Los bienes que nos acarrea la obediencia a los padres

a) La obediencia a los padres, aunque tiene sentido en sí misma, por ser un mandamiento impuesto por Dios, nos sirve, como cualquier acción realizada para agradar a Dios, para satisfacer por nuestros pecados y es un medio especial para restablecer nuestra amistad con el Señor. 

b) El que obedece a los padres -sigue diciendo el autor sagrado- enriquece su vida espiritual, pues acumula méritos ante el Señor. 

c) Señala también, como fruto de esta obediencia, la alegría que le darán sus propios hijos, los cuales, llegado el momento, se portarán de modo semejante con él, hecho confirmado muchas veces en nuestra experiencia. 

d) A quienes honran y veneran a sus padres Dios promete escucharles en la oración, como es lógico en quien, como creador amoroso de los padres y de los hijos, desea que todas sus criaturas sean amadas. 

e) Al que obedece a sus padres -lo escucharemos en el salmo responsorial- le irá bien en la vida, en la vida que resulta de la paz y armonía que reinan en los hogares de quienes cumplen sus deberes con Dios y entre sí. Y es que los que honran a sus padres están obedeciendo a Dios y reciben abundantes gracias de Él.

 El autor sagrado recomienda encarecidamente cuidar de los padres y no darles nunca motivo que les entristezcan. Esta recomendación se hace aún más necesaria en los días de la ancianidad, o cuando los padres fallan en sus facultades mentales: es entonces cuando, dependientes totalmente de sus hijos, deben éstos poner en acción el mismo cariño y solicitud que, en su niñez, pusieron sus padres con ellos.

 La lectura concluye insistiendo en el interés de Dios en el amor a los padres, como el gran medio para alcanzar una vida plena y santa: La compasión hacia el padre no será olvidada y te servirá para reparar tus pecados”.

 Estos consejos, que han permanecido válidos a través de la historia de la humanidad, adquieren especial actualidad en nuestra sociedad, en la que la mentalidad positivista y materialista campa a sus anchas. Accionada por el motor de la eficacia y el poder del dinero, está perdiendo, a pasos agigantados, los valores que han sustentado nuestra civilización, hasta el punto de poner en segundo, tercer o último lugar a las personas que ya han dejado de ser útiles en la maquinaria de la producción. Hoy más que nunca son actuales estos consejos del Libro del Eclesiástico; hoy más que nunca los cristianos tenemos que ser luz ante el mundo exigiendo el cuidado de estas personas que, con su trabajo, han hecho lo que somos; hoy suenan fuertes en nuestros oídos las palabras de Cristo en el juicio final: “Venid, benditos de mi Padre, heredad el reino preparado para vosotros desde la fundación del mundo. Porque tuve hambre, y me disteis de comer; fui forastero, y me acogisteis, enfermo y me visitasteis” (Mt 25,34-35). En esta situación se encuentran muchos de nuestros mayores, algunos prácticamente abandonados, y otros, aparcados en instituciones en las que, ciertamente, reciben todo tipo de cuidados materiales, pero quizá tienen hambre de afecto, viven extrañados en un mundo en el que no desearon terminar sus vidas y están afectados por la enfermedad de la falta de cariño de aquéllos a los que transmitieron la vida. En ellos, como en todos los desprotegidos de este mundo, se hace Cristo especialmente presente.

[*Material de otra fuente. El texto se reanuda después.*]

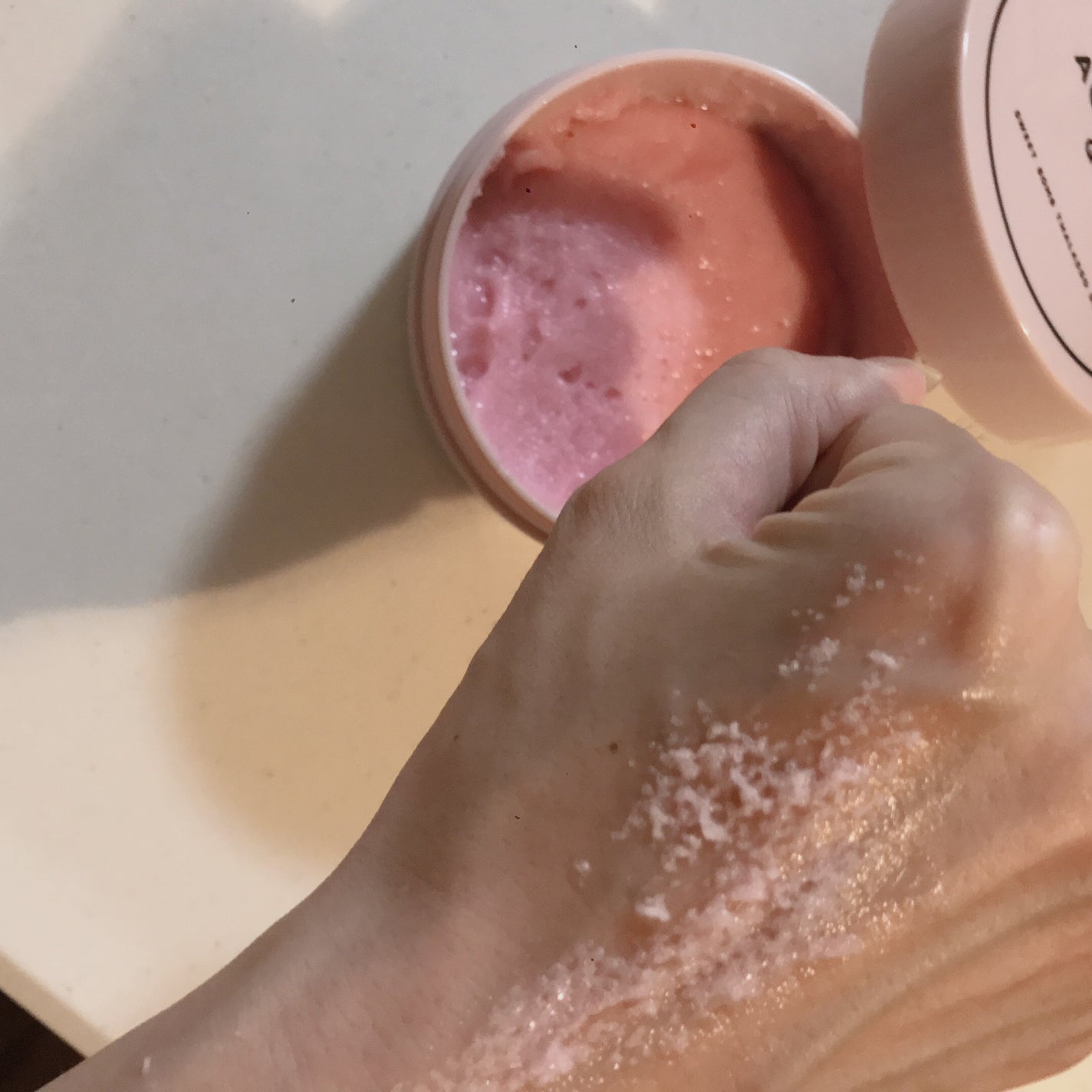 Q+Me スウィート ボム タラソ スクラブ/AGARISM/バスト・ヒップケアを使ったクチコミ(3枚目)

 Salmo responsorial  – 127

 Dichosos los que temen al Señor y siguen sus caminos.

  “El temor de Dios es el principio de la sabiduría” (1 Prov 1,7). No se trata de sentir miedo, como cuando entramos en un lugar oscuro y desconocido, ni temer a Dios sólo porque nos pueda castigar. El temor de Dios es una actitud de respeto, admiración y sumisión ante el que ha creado todas las cosas y tiene la soberanía sobre todo el universo y, particularmente, sobre nosotros, pobres siervos, que todo lo que somos y tenemos se lo debemos a Él. El único miedo que debemos tener es el miedo de separarnos de Ėl.

 Los que respetan y aman al Señor y ponen toda su confianza en Él, intentando hacer siempre lo que le agrada estarán alegres y serán felices. La simple decisión de buscar a Dios y cumplir su voluntad nos acarrea la felicidad.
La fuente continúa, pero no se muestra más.